Investors expect the Egyptian pound to fall further as the North African country awaits final approval from the International Monetary Fund for a $3 billion loan.
Traders in derivatives have increased their bets that Egypt will allow its currency to fall by up to 20% over the next year.
Egyptian Pound Bears Expect Another Drop as IMF Meeting Approaches
As the IMF's executive board prepares to meet on December 16, there is speculation about whether the pace of the pound's spot market decline since November will persuade the Washington-based lender.
According to Gordon Bowers, an analyst at Columbia Threadneedle Investments based in London, there are indications that the currency is still somewhat managed and that the IMF may require additional evidence that Egypt has adopted a flexible exchange rate.
As a result, before the meeting, he anticipates another devaluation or a faster depreciation rate.
Not everybody concurs. Before December 16, according to Mohamed Abu Basha, head of macroeconomic research at the Egyptian investment bank EFG Hermes, further pound weakness is not necessarily conditional.
According to him, authorities have complied with the IMF agreement by terminating subsidized lending programs and creating a new document on state ownership policies.
The country of North Africa devalued the pound first in March and again by 18% on the day she announced the IMF agreement in late October.
As Egypt deals with soaring import costs and a flight of foreign currency that has been made worse by the impact of Russia's invasion of Ukraine, Gulf allies have rushed to the country's aid with pledges of deposits and investments.
After Ghana's cedi, its currency has performed the worst in the world this quarter, plunging to record lows.
Fears of inflation
The currency has lost less than 2% of its value since the beginning of November, as it was trading 24.6 per dollar on Thursday.
However, analysts claim that policy may be constrained by worries about inflation, which is already at a nearly five-year high, and the effect on social stability in the 104 million-person nation.
In the coming months, offshore derivatives traders anticipate steeper declines.

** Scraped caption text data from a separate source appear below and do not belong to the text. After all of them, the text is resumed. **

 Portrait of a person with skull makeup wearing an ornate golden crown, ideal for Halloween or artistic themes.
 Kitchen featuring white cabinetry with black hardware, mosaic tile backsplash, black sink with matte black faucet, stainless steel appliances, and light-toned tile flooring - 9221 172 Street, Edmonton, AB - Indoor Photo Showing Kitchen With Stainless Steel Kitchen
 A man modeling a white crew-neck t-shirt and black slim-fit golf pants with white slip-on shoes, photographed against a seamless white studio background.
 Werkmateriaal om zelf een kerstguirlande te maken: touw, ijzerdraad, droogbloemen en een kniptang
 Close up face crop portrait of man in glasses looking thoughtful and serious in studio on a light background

For example, on the non-deliverable forwards market, the pound's one-month contract dropped by 6% to 26.5 per dollar, while the 12-month warranty dropped to 30.9 this month.
The latter wager predicts a 20% decline in the currency from its present value. In addition, the central bank's intention to do away with the requirement that importers obtain letters of credit to purchase goods abroad is expected to devalue the currency further.

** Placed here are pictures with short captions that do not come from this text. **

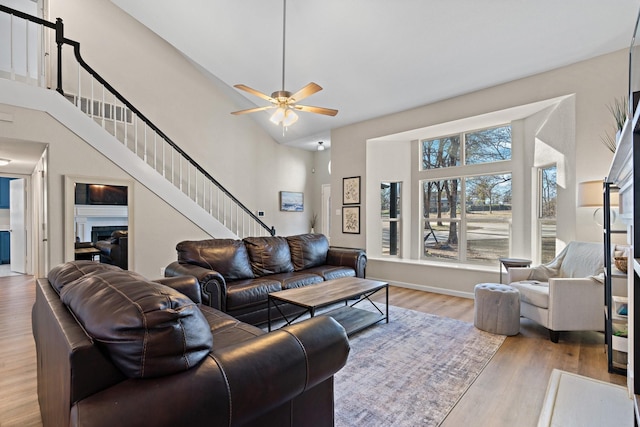 living room with a fireplace, high vaulted ceiling, ceiling fan, and light wood-type flooring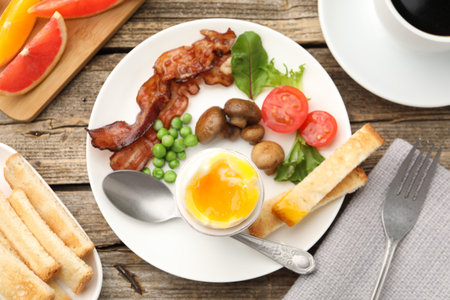 Tasty breakfast with soft boiled egg and bacon served on wooden table, flat lay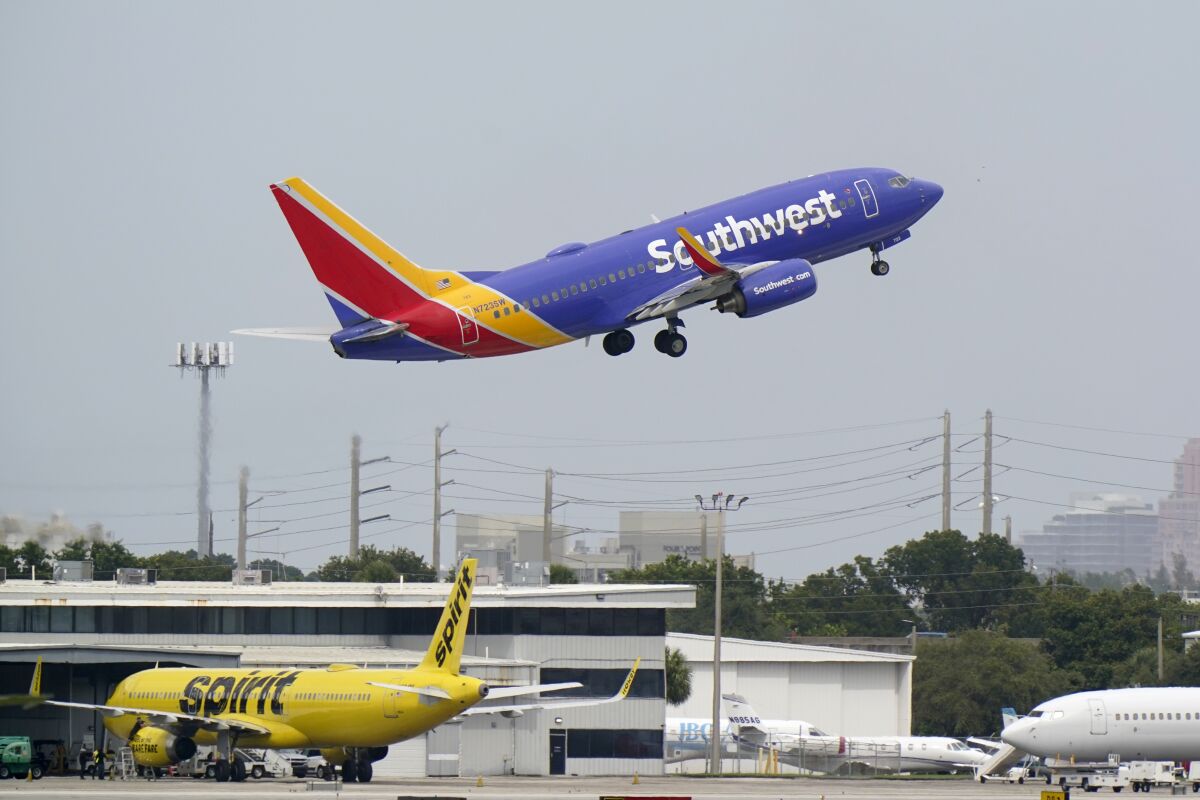 FILE - A Southwest Airlines Boeing 737-7H4 takes off, Tuesday, Oct. 20, 2020, from Fort Lauderdale-Hollywood International Airport in Fort Lauderdale, Fla. Southwest Airlines is reporting a loss of $278 million in the first quarter, Thursday, April 28, 2022, but says it will be profitable the rest of 2022. (AP Photo/Wilfredo Lee)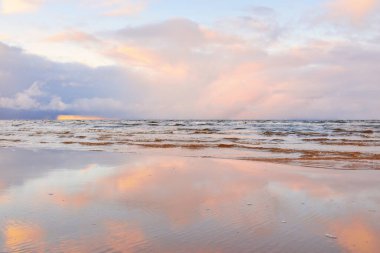 Kumlu bir sahilden Baltık Denizi 'nin panoramik manzarası. Açık günbatımı gökyüzü, parlak pembe bulutlar, yumuşak ışık. Suyun simetri yansımaları, doğal ayna. Hava, kış, iklim değişikliği, doğa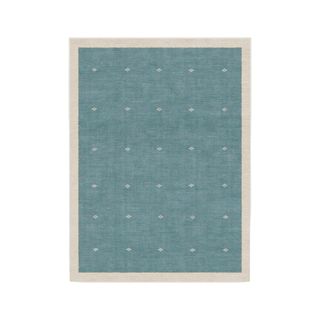 A rectangular teal blue rug with a beige border around it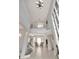 Bright foyer featuring soaring ceilings, stylish chandelier, and an open floor plan to the light-filled living spaces at 4063 Ligustrum Dr, Palm Harbor, FL 34685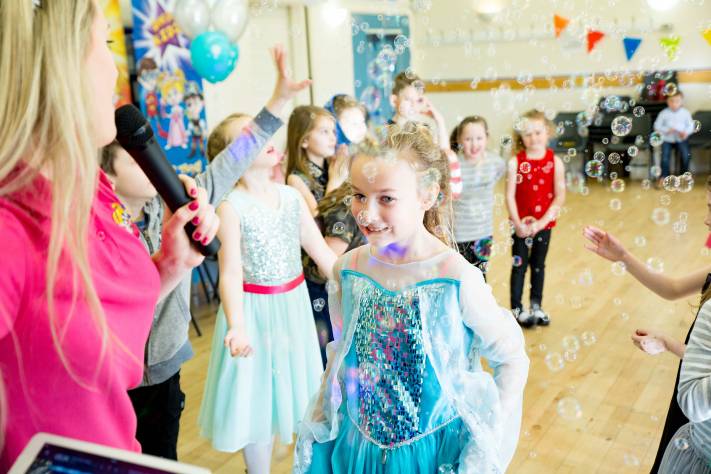 Birthday child speaking into entertainer's microphone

Egypt must process a backlog of requests for hard currency from importers and businesses that are thought to be worth over $5 billion; doing so is expected to spark a wave of additional pound selling.
According to Monica Malik, the chief economist at Abu Dhabi Commercial Bank, the backlog needs to be cleared up. If the delays persist, the market will be more concerned about the FX regime's flexibility and ability to repatriate funds.
Societe Generale SA's Gergely Urmossy, an emerging markets strategist, based in London, said there is a chance that the pound will fall to 26 by the end of 2023.